Humanizing core computer science courses: Include supplementary texts and readings that provide a social, cultural, and ethical context for the topic.
Design of everyday lecture artifacts: Stop indulging students in exercises and examples from within the discipline (e.g. symbol tables in Data Structures)
Breaking rigid boundaries: Make connections with concepts across computing.
Less is more: 12 courses do a major make. Make the most of it, not by stuffing more content, but by creating more room in the curriculum.
Flexibility in designing a major: We prescribe only 5 (or 6) out of 12 courses to be required. The rest are electives based on a student’s own preferences.
Minors in computing for all: We offer a Minor in Computer Science and also a Minor in Computational Methods. Both require six courses. The latter has two computational courses in the student’s own major. That is, encourage other departments to offer advanced computational courses in their own disciplines.
Majors in emerging disciplines: Encourage students to design independent majors in emerging disciplines.
Diversify faculty course load distribution: Rather than minimizing the ‘number of preps’ encourage faculty to teach a mix of courses at all levels and indulge in their own personal interests and expertise in computing.

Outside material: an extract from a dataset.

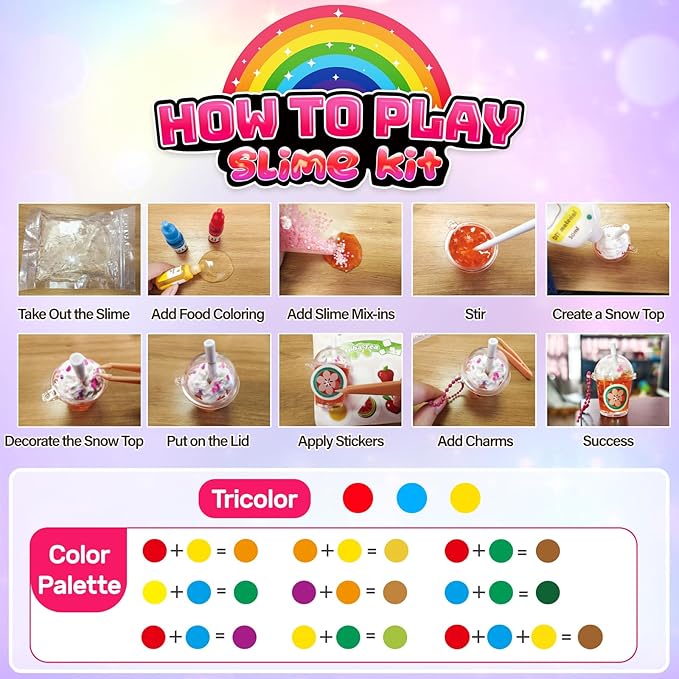 46PCS Slime Boba Tea Making Kit for Girls ages 8-12, DIY Pretend Play Food Toys, Bubble Tea Cups/Bag/Clear Slime/Add-ins, Making Miniature Food, Christmas Party Favors Gift for Kids 6 7 9 10 11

Gender Issues: Is there an indictment here?

One of the key findings of Margolis & Fisher in their landmark study on gender issues in computer science at Carnegie Mellon University was that female orientation towards (and concerns about) computing are different from the design of most computer science curricula[3]. They claim that universities have historically developed computer science courses with a male bias. Is there an indictment here? I will leave that for this group to ponder. The design patterns I have presented above have been motivated in part by similar concerns regarding gender issues. In the course of implementing these at Bryn Mawr College we have also discovered that the resulting curriculum and courses are equally engaging for women and men[4].

Recommendations for programmatic initiatives

We were asked to suggest recommendations for long-term, high-impact, and potentially high-risk strategies to catalyze the transformation of computing education. In the design patterns above are embedded several directives that can be construed as programmatic initiatives. Perhaps the most important initiative not mentioned above but can have a profound effect on computing education is the issue of support for training faculty and future educators with values that are grounded in the perspective of computer science as a fundamental discipline of human inquiry rather than one defined by prevailing market forces of the times.

Summary

I hope that these remarks will lead to challenging the current norms and thinking about computing curricula. I have presented them as a set of observations and not as basis for creating future prescriptions for all curricula in the country. Yet, many of these may lead to future programmatic initiatives. I obviously carry a certain baggage, when it comes to designing computing curricula, which can be perceived in direct opposition to several other proponents and ideologies. Here, I have tried to focus only on the design considerations I feel are relevant to the computing curricula.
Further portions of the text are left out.